Rewards programs are built around the assumption that spending reflects real purchasing activity, since issuers often earn revenue from interchange fees paid by merchants on genuine transactions. When spending is manufactured rather than tied to an actual purchase, that underlying economics breaks down, and the issuer can end up paying out a bonus without the transaction volume it was designed to reward. This is a core reason issuer terms tend to reserve the right to claw back bonuses, close accounts, or deny future applications when they detect activity that looks manufactured.

What issuers typically do about it

Enforcement varies by company and isn’t always predictable, but consequences described across cardholder terms generally include forfeiting the promotional bonus, having the account closed without warning, and in some cases being flagged internally in ways that can affect approval for future products from the same issuer.

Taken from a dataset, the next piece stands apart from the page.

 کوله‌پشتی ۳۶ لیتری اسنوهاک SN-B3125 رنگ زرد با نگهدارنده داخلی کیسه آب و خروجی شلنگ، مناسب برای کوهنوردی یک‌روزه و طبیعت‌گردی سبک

A closed account can also shift a credit utilization ratio overnight, since available credit disappears along with the account. This is separate from a criminal or civil legal proceeding — it’s a private company enforcing its own contract, which it’s generally permitted to do. Someone paying another person to be added as an authorized user in an attempt to influence credit data runs into a related category of activity that issuers and reporting systems are set up to flag.

Where it can cross into something more serious

Manufactured spending itself, done with a person’s own funds and their own card, generally lives in a gray area of “against the rules” rather than illegal. But some tactics adjacent to it — creating fake merchant accounts, using stolen payment credentials, or structuring transactions specifically to evade reporting thresholds — move into territory that can violate actual law rather than just a cardholder agreement. Structuring deposits to stay under a reporting threshold, for example, is a federal offense regardless of intent, which illustrates how closely related-sounding tactics can land in very different legal categories.

Final thoughts

The line between “clever workaround” and “contract violation” is thinner than it looks, and the line between “contract violation” and “illegal” is a separate line entirely, not the same one. Reading a card’s actual cardholder agreement, rather than relying on forum consensus, is the only way to know what a specific issuer considers acceptable, since terms and enforcement practices differ from one company to the next and change over time.